Exercise prompt
Look in the listing below for the line that has "мдма Переславль-Залесский", then return it and each following line up to and including the one with "UPPCS CSAT PAPER", exactly and without pictures.

Material provided
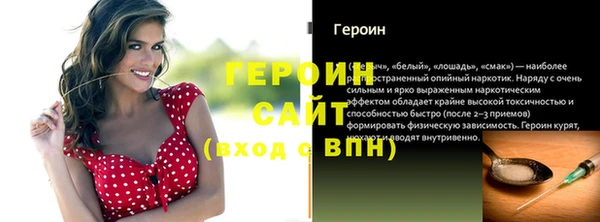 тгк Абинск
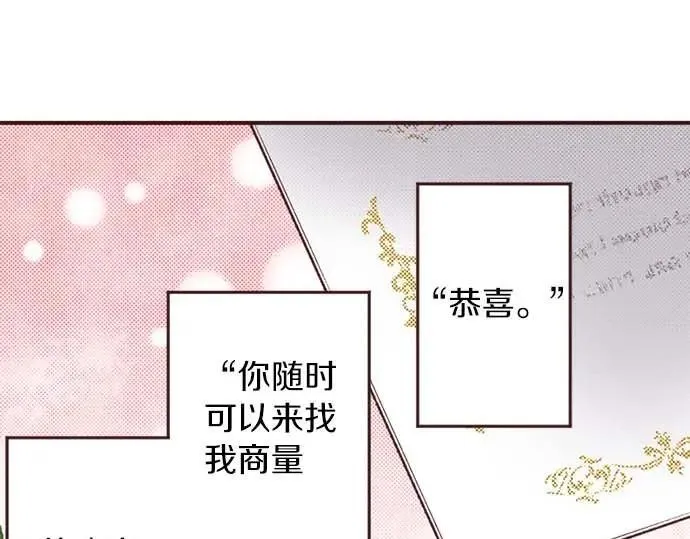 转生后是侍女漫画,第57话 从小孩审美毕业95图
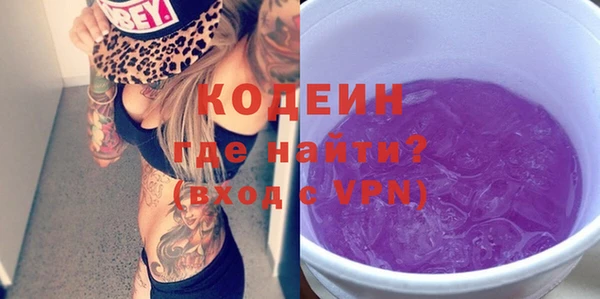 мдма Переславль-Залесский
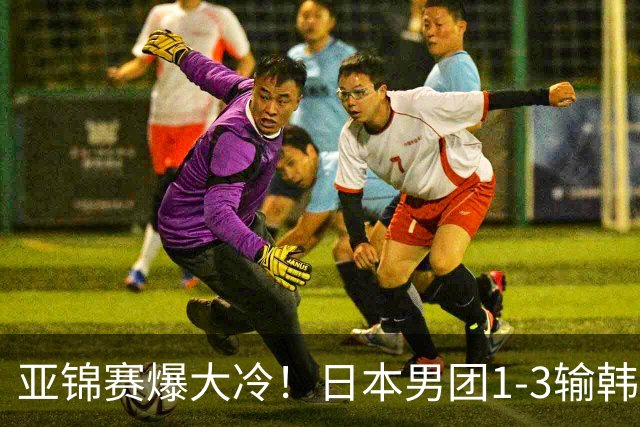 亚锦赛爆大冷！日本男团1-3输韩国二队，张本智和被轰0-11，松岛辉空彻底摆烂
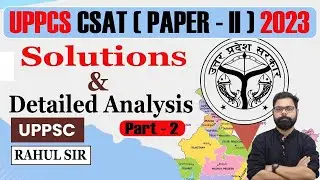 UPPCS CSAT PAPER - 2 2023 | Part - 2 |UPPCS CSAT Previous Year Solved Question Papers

* * *

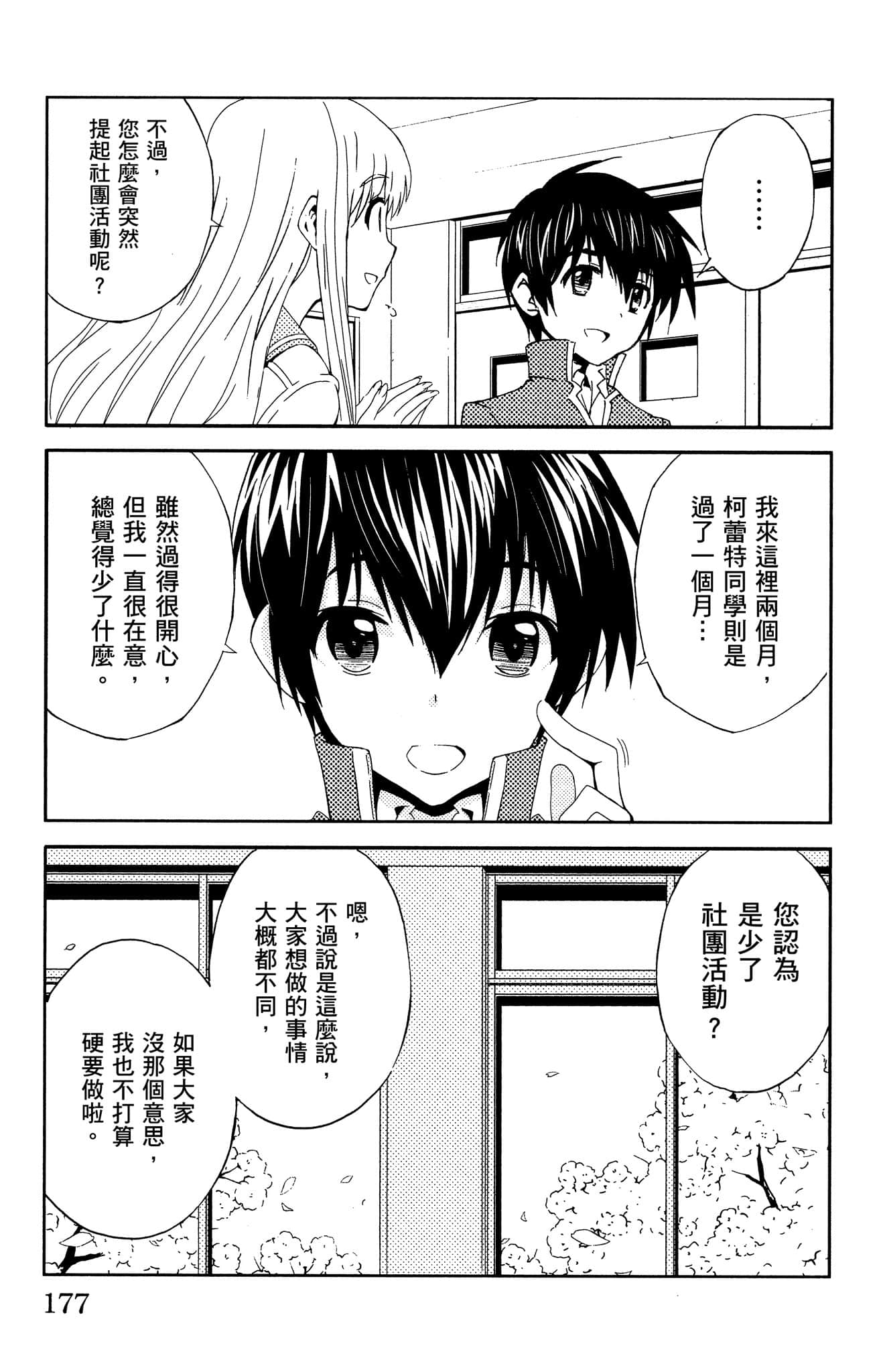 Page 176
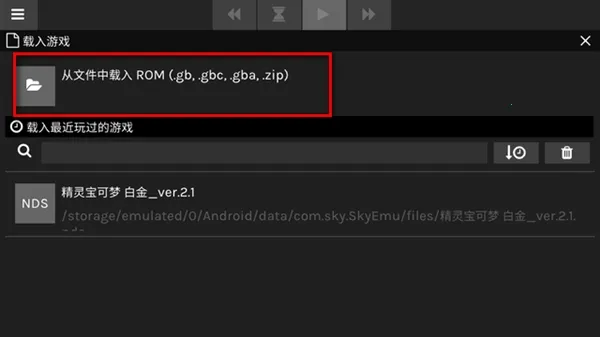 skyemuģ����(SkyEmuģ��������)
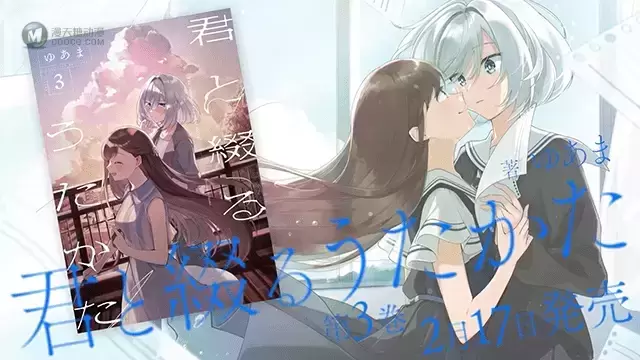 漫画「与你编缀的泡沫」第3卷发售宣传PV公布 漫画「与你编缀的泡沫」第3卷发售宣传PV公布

---

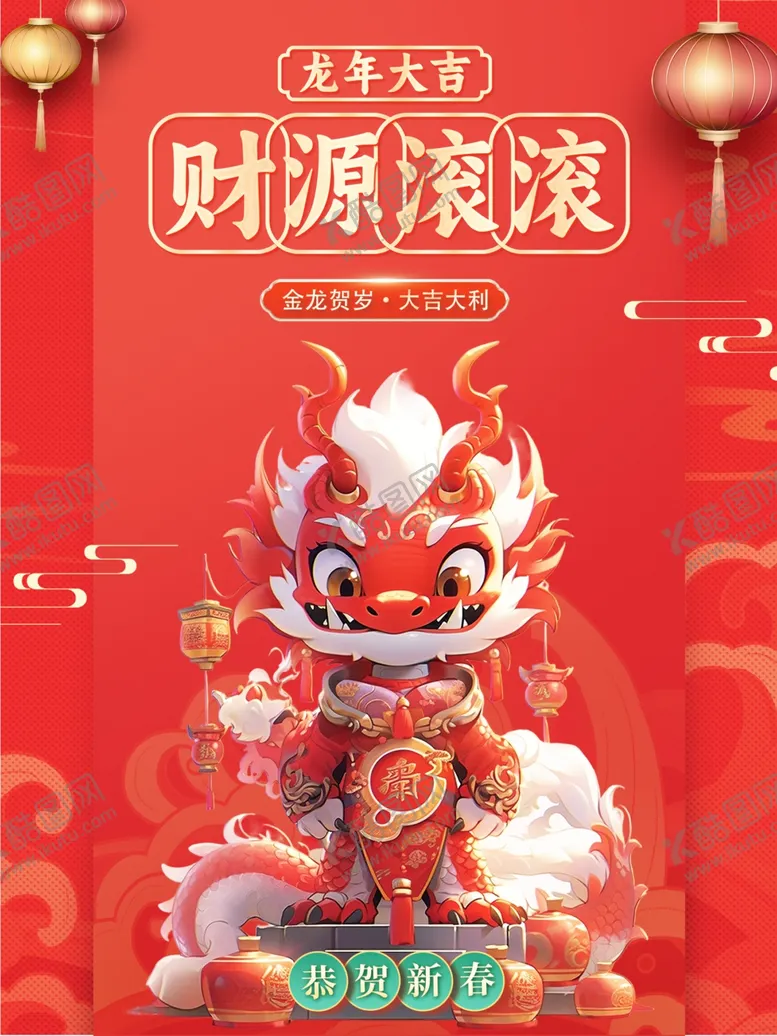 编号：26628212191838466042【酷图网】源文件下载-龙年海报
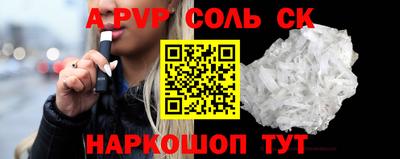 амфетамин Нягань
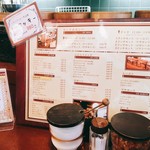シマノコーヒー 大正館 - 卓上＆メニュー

Your solution
 мдма Переславль-Залесский
 亚锦赛爆大冷！日本男团1-3输韩国二队，张本智和被轰0-11，松岛辉空彻底摆烂
 UPPCS CSAT PAPER - 2 2023 | Part - 2 |UPPCS CSAT Previous Year Solved Question Papers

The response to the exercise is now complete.